2 600 ans que la vigne pousse en Corse. Plantée par les Grecs, développée par les Romains, décimée par le phylloxéra, ressuscitée par des vignerons obstinés : le vignoble insulaire raconte une histoire de résilience.
Entre cépages autochtones et terroirs d’exception, la Corse écrit ses lettres de noblesse viticoles. François Franceschi, président du Conseil interprofessionnel des vins de Corse (CIVC), raconte la renaissance de ce vignoble millénaire.
Une restructuration radicale
Il explique « Le vignoble corse a été restructuré avec un arrachage en 2009. Avant cette date, il était de près de 7 000 hectares. Nous en avons perdu 1 000. Aujourd’hui, nous avons le fruit du travail de ces vignes jeunes qui sont comme les humains, elles ont plus d’énergie. Je dis souvent que la vigne, c’est comme un être humain. »
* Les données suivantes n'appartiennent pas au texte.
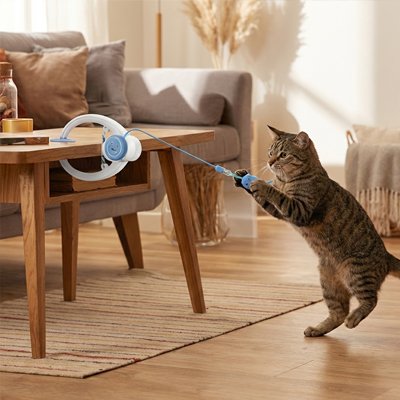Jeu pour chat stimulation mentale - exercice physique du félin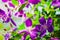 Beautiful purple wildflower Melastoma malabathricum, nature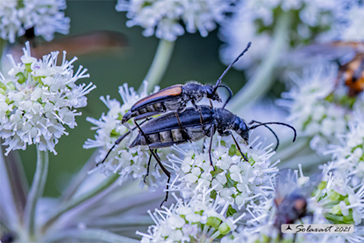 Anastrangalia dubia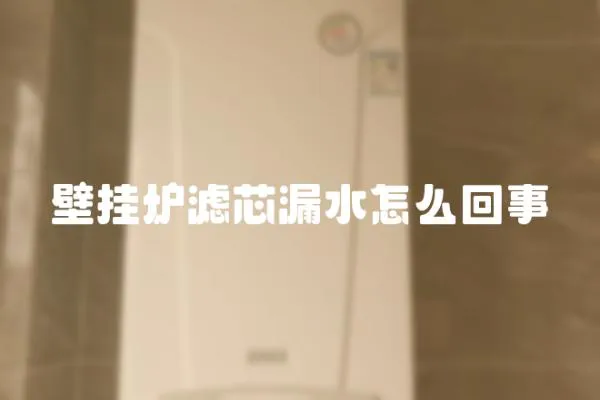 壁掛爐濾芯漏水怎么回事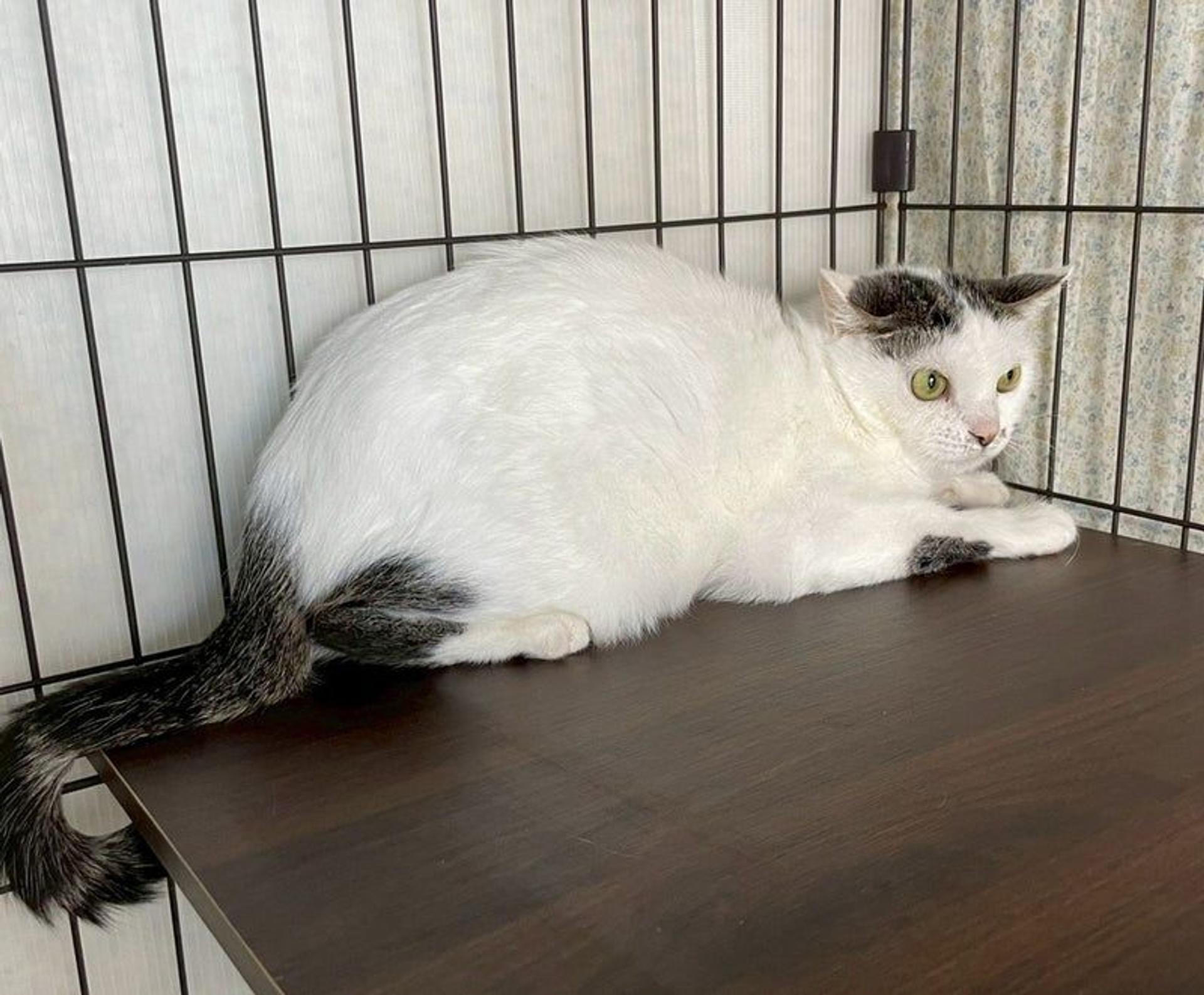 pet-image-4
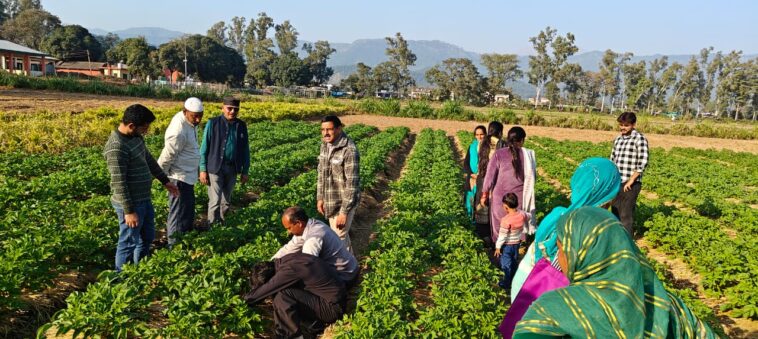 Sirmour News: उन्नत कृषि और पशुपालन से कमाएं दोगुना मुनाफा! जानें कृषि विज्ञान केंद्र सिरमौर के विशेषज्ञों की खास टिप्स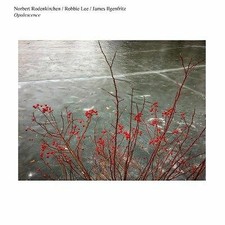 Image of Opalescence by Norbert Rodenkirchen / Robbie Lee / James Ilgenfritz (Record, ...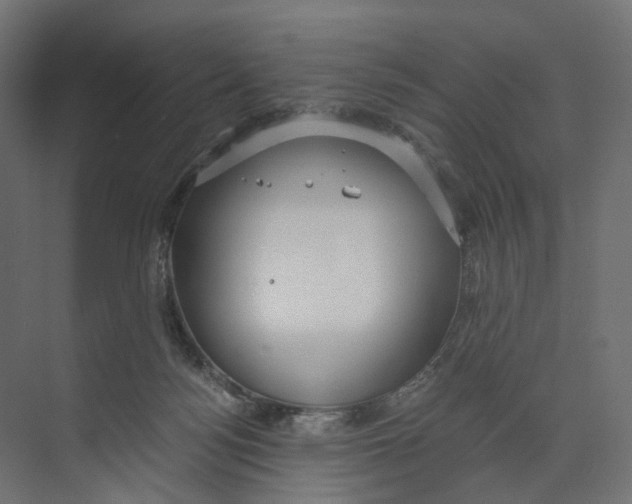 X0000073860172200609071642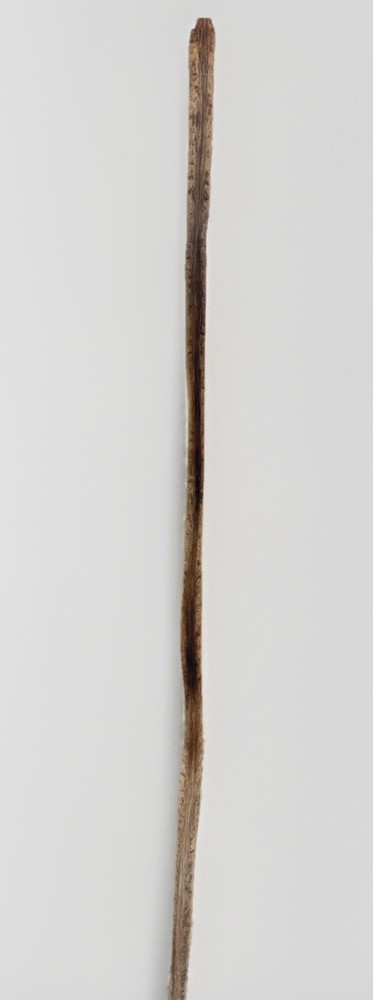 VTG Weathered Driftwood Skinny Tall Walking Stick 63.5″ Strong Staff OOAK Raw MN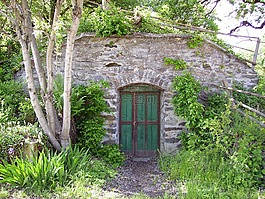 凱勒,老,綠色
En trente ans, l’île est passée de 30 000 hectares de vignes productivistes à un vignoble recentré sur la qualité.
La production se répartit désormais entre 2 940 hectares en AOP (51 %) et 2 800 hectares en IGP Île de Beauté (49 %). « Aujourd’hui, nous produisons 120 000 hectolitres en AOP et tout le reste en IGP », précise le président. Le vignoble s’articule autour de neuf Appellations d’Origine Protégée, avec Patrimonio et Ajaccio comme « Crus de Corse ». La force réside dans les cépages endémiques : trente recensés dont Le Niellucciu, le Sciaccarellu, le Vermentinu, ou le Muscat à petits grains.
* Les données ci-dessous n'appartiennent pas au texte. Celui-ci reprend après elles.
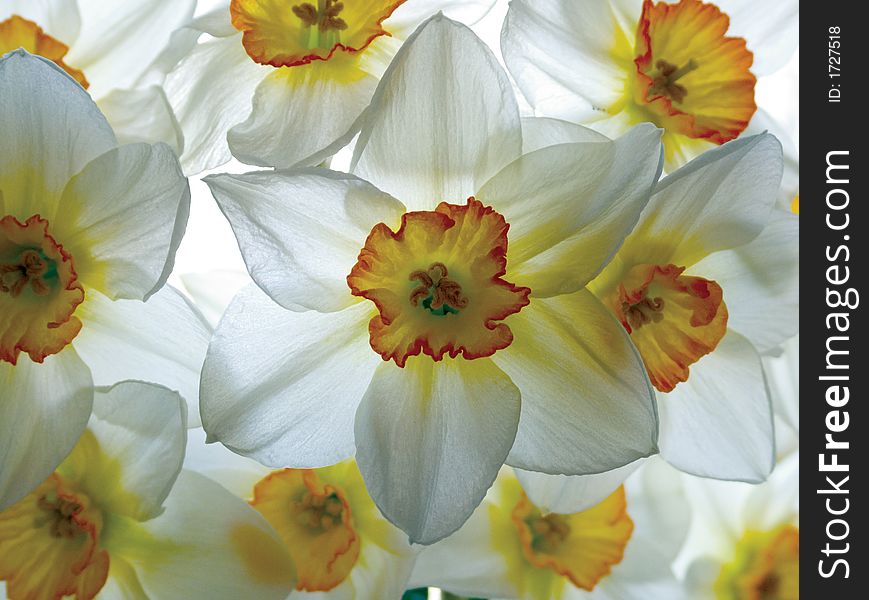 Spring white narcissus, lots of flower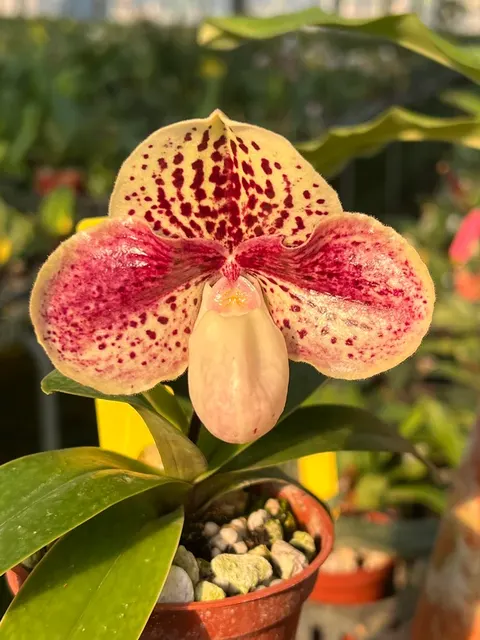 Paphiopedilum FAVORLANG MIRACLE (Paphiopedilum)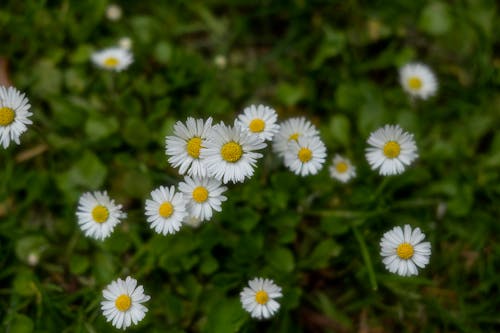 Fotos de stock gratuitas de camomila, de cerca, flores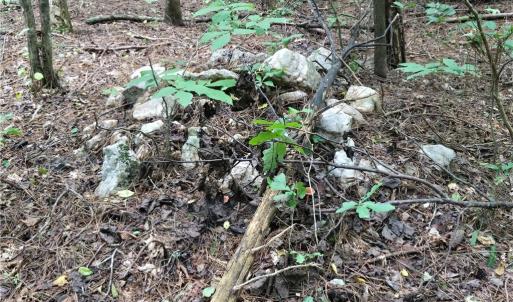 Photo #36 of Boone Farm, Asheboro, NC 80.9 acres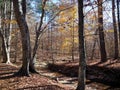 Creek in William B. Umstead State Park Royalty Free Stock Photo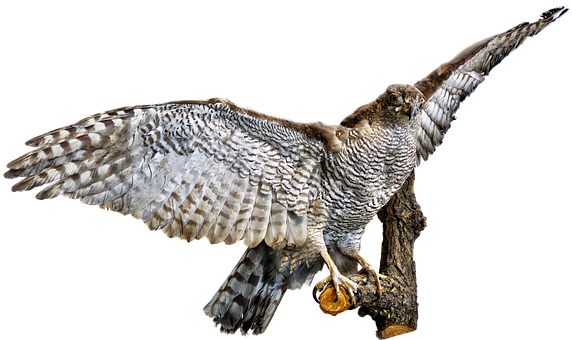 Majestic_ Raptor_ In_ Flight PNG Image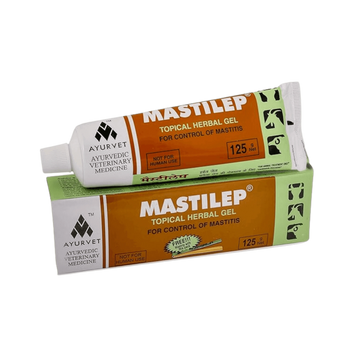 MASTILEP HEBAL GEL 125GM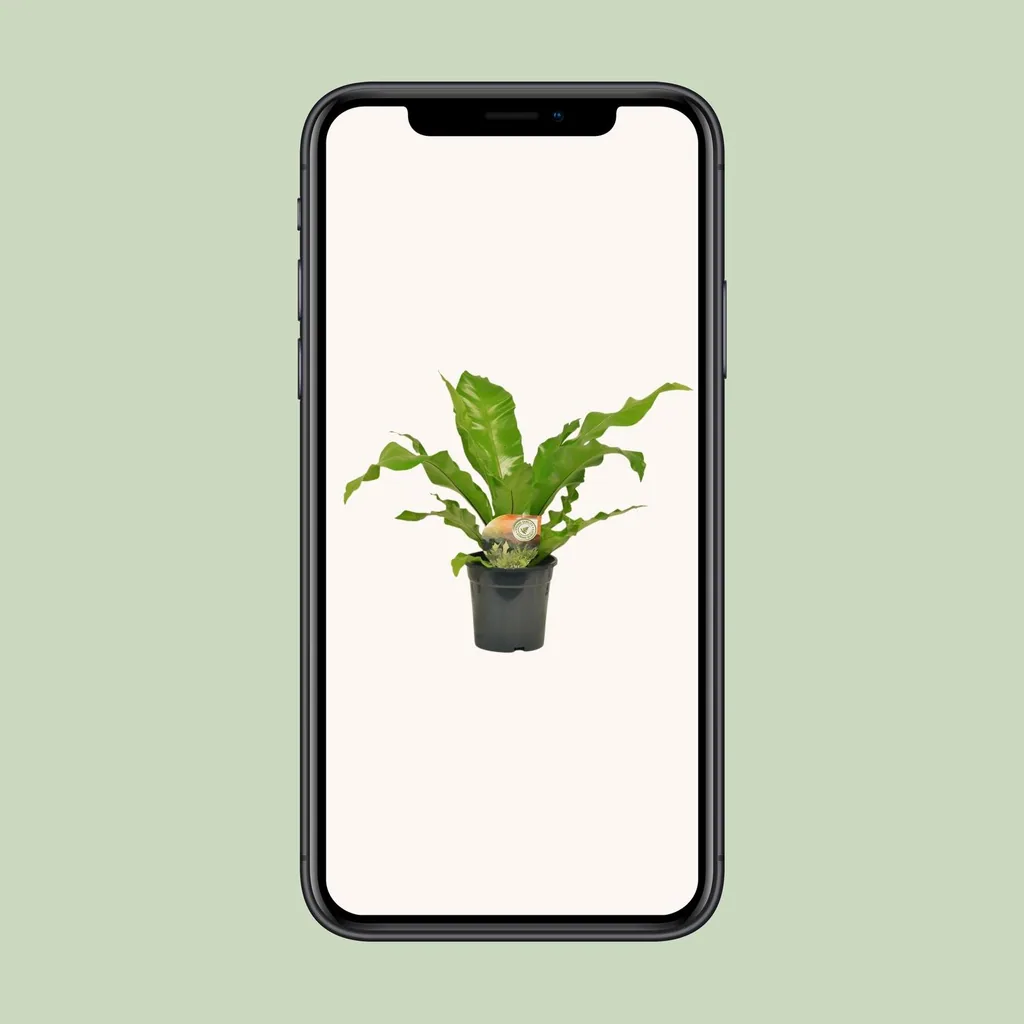 Nestfarn (Asplenium nidus) – pflegeleichte Zimmerpflanze, Topf-Ø 17 cm, Höhe ca. 60 cm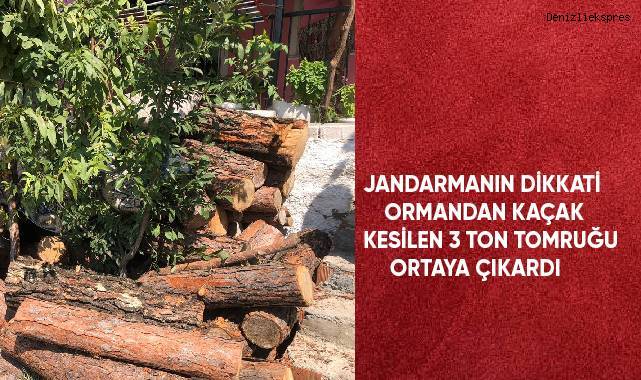 Jandarmanın dikkati ormandan kaçak kesilen 3 ton tomruğu ortaya çıkardı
« Le vin corse, c’est 68 % de vin rosé », confirme François Franceschi. « La production principale des caves coopératives, c’est le rosé, essentiellement pour la grande distribution. » Les blancs représentent 17 % et les rouges 15 %.
Le bio en tête et l’export en progression
Avec 1 878 hectares certifiés ou en conversion (32 % du vignoble), la Corse figure parmi les leaders français. « La grande force du vignoble corse, c’est cette énorme proportion de bio par rapport à la taille de l’île », analyse François Franceschi. Patrimonio affiche l’ambition de passer intégralement en bio.
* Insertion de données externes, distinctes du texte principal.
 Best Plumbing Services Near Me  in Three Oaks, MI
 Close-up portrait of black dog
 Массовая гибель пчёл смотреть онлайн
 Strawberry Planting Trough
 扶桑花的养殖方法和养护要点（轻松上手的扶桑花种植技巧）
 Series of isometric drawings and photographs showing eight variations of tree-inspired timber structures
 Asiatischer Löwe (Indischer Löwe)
« Notre pays principal d’exportation c’est l’Allemagne, révèle le président. Un marché que nous avons depuis presque 40 ans. » Malgré les obstacles – « Il y a eu un double frein avec le Covid et les premières taxes Trump en 2018 qui ont divisé les volumes par deux pour les États-Unis » – 40 % de la production s’exporte aujourd’hui.
« Notre adaptation au climat et au réchauffement climatique est un chantier permanent », reconnaît François Franceschi. « Aujourd’hui, on est contraint d’irriguer la vigne pour avoir des rendements. On subit la chaleur et on doit faire face à de nouveaux prédateurs notamment la cicadelle africaine. »
L’innovation passe par l’altitude : « On a un domaine expérimental qui a été implanté à Pioggiola, en Balagne, à 800 mètres d’altitude », indique-t-il.
Quel avenir pour le vignoble corse en 2040 ? « Je dirais que le vaste chantier de la reconnaissance des vins corses est en cours. Notre vignoble est en train d’écrire ses lettres de noblesse. »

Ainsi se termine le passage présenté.